Data under study
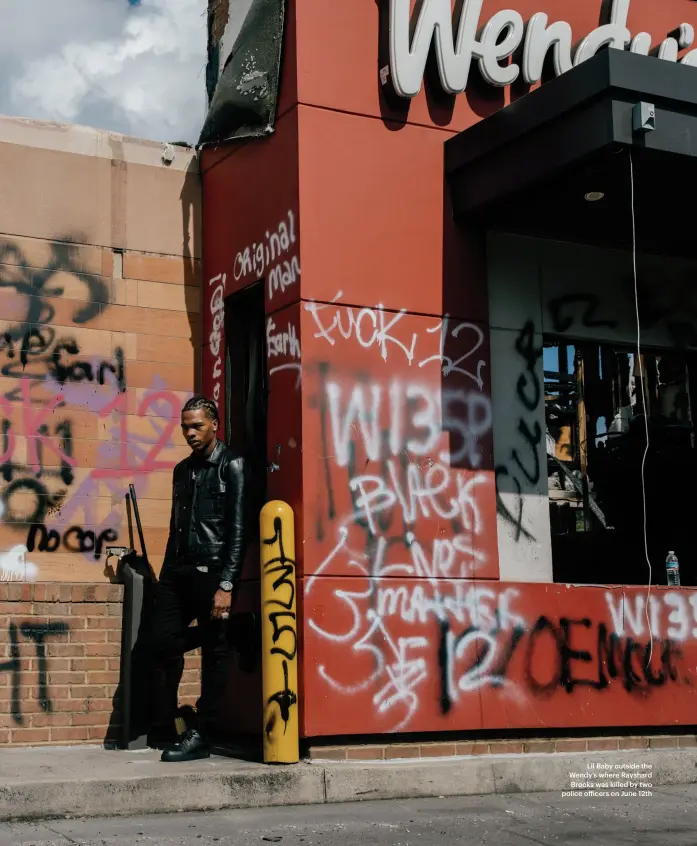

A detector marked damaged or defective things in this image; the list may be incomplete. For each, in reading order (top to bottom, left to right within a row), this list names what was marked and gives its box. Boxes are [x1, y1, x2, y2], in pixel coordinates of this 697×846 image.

burned awning [446, 50, 697, 258]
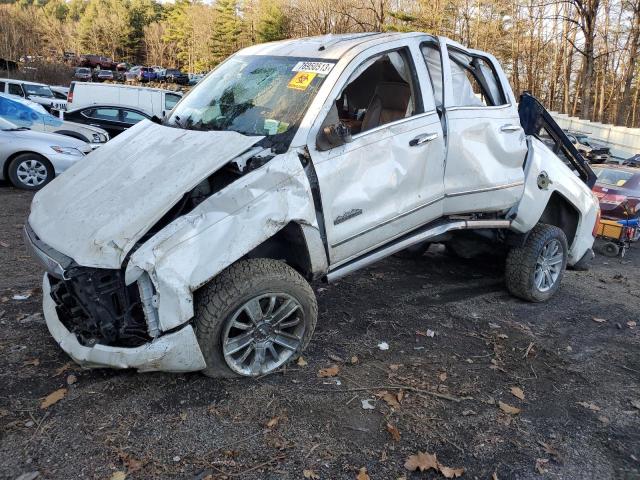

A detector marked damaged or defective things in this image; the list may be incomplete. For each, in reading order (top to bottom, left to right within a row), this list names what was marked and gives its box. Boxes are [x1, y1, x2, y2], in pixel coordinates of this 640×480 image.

shattered windshield [166, 54, 336, 149]
broken side mirror [318, 122, 352, 150]
crumpled white hood [28, 119, 264, 268]
wrecked white pickup truck [23, 32, 600, 378]
damaged front bumper [44, 272, 205, 374]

Work item
Lines from the one containing "this 640×480 image." to the end of the data are to be printed exactly, including the first and last.

Answer for this exercise
A detector marked damaged or defective things in this image; the list may be incomplete. For each, in reading order (top to bottom, left to right within a row), this list names what was marked and gives its box. Boxes are [x1, y1, x2, y2], in pixel coordinates of this 640×480 image.

shattered windshield [166, 54, 336, 149]
broken side mirror [318, 122, 352, 150]
crumpled white hood [28, 119, 264, 268]
wrecked white pickup truck [23, 32, 600, 378]
damaged front bumper [44, 272, 205, 374]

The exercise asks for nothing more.